▶ **What needs to be done**
Your copy should begin at the line containing "Ένα μπάνιο στο Dejia Hotel" and end at the last line of the records; transcribe those lines exactly and leave out every picture.

Pictures with short captions
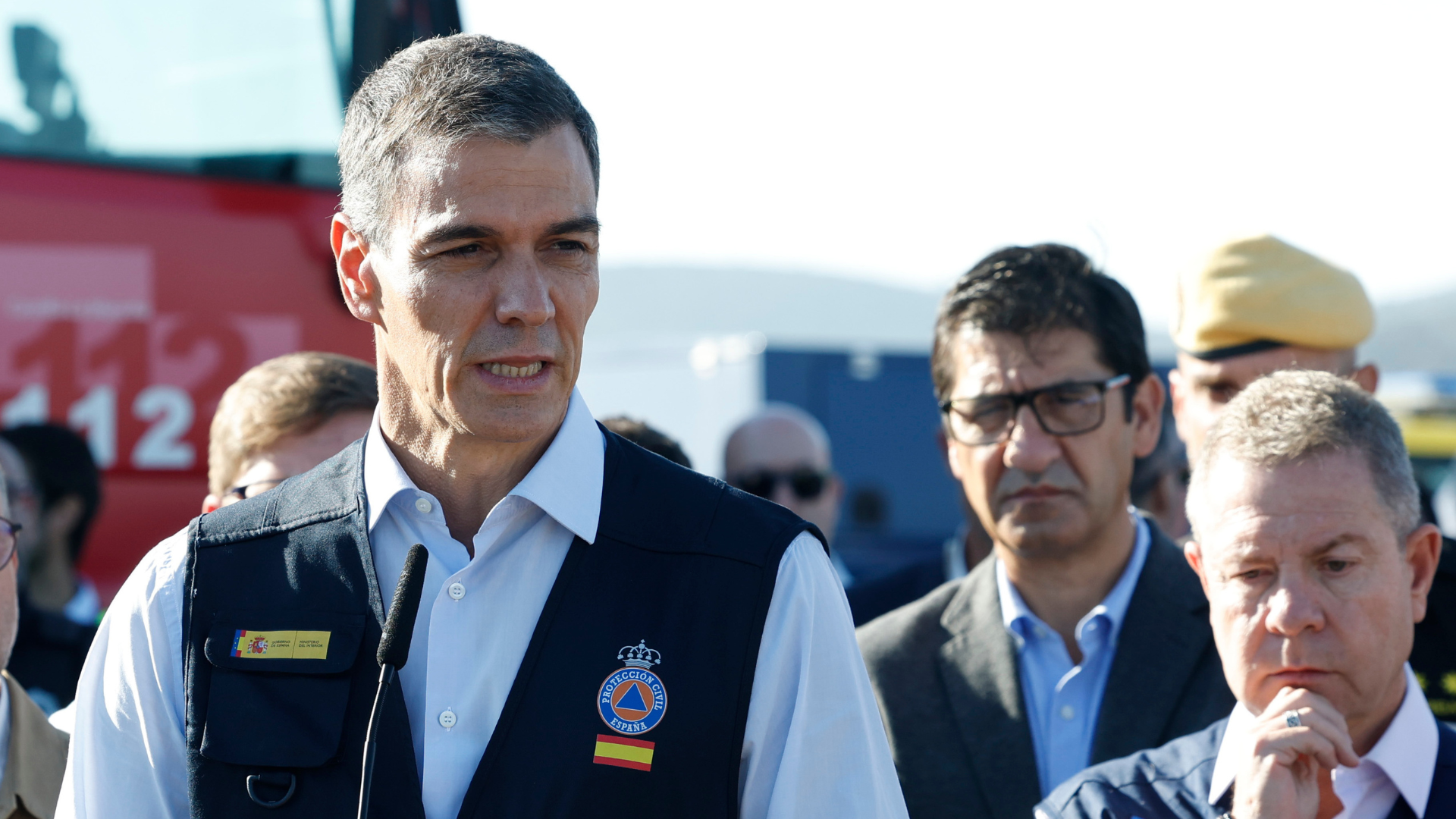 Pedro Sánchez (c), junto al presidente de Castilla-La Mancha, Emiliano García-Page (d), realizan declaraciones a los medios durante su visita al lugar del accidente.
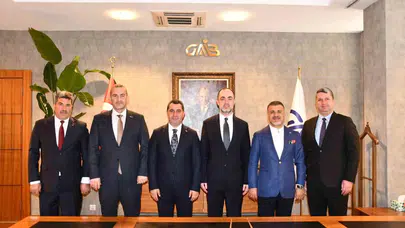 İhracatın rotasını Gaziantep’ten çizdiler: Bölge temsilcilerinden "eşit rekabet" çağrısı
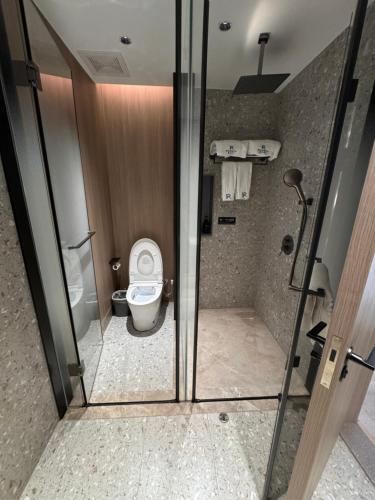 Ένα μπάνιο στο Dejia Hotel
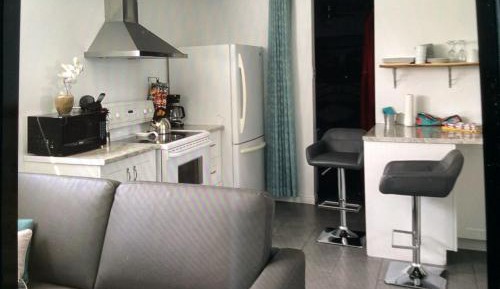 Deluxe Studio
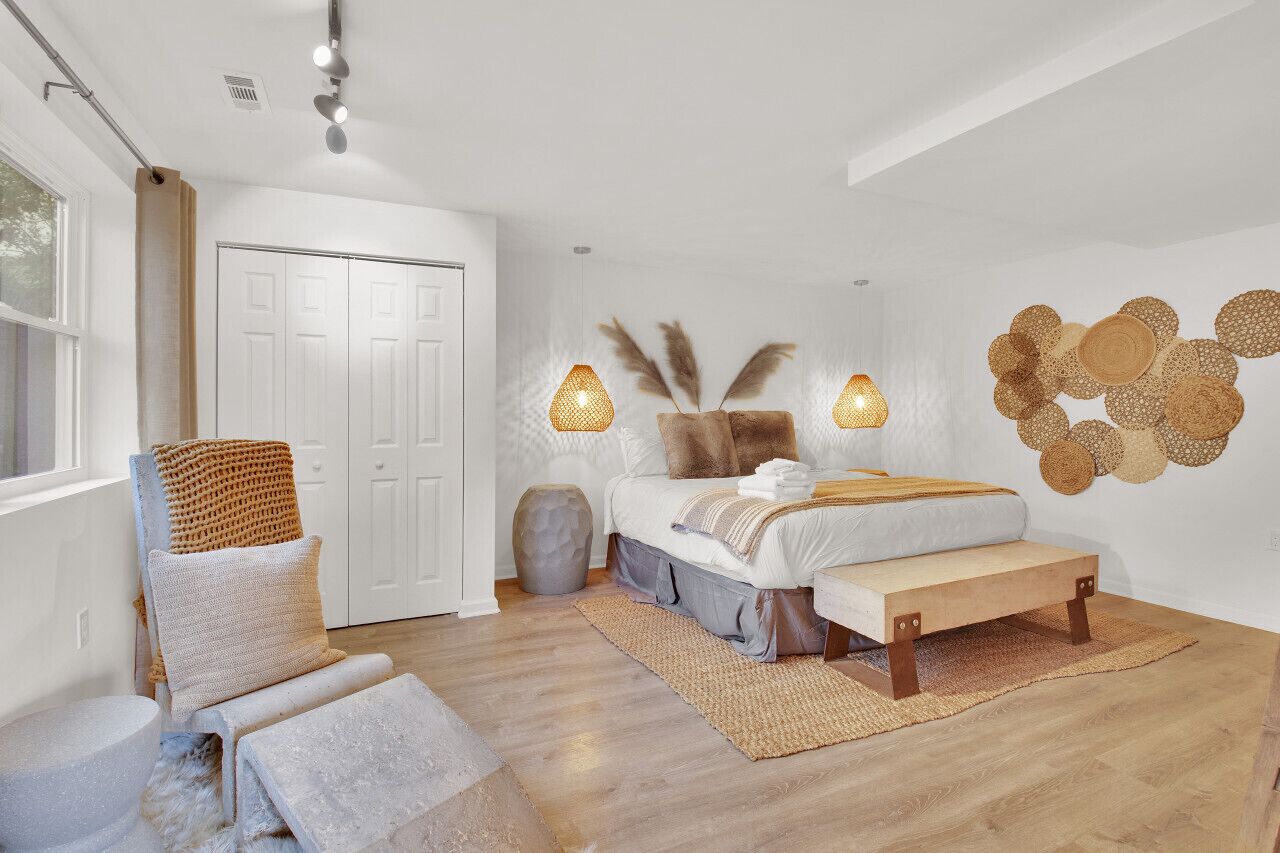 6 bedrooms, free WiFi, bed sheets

▶ **Written solution**
 Ένα μπάνιο στο Dejia Hotel
 Deluxe Studio
 6 bedrooms, free WiFi, bed sheets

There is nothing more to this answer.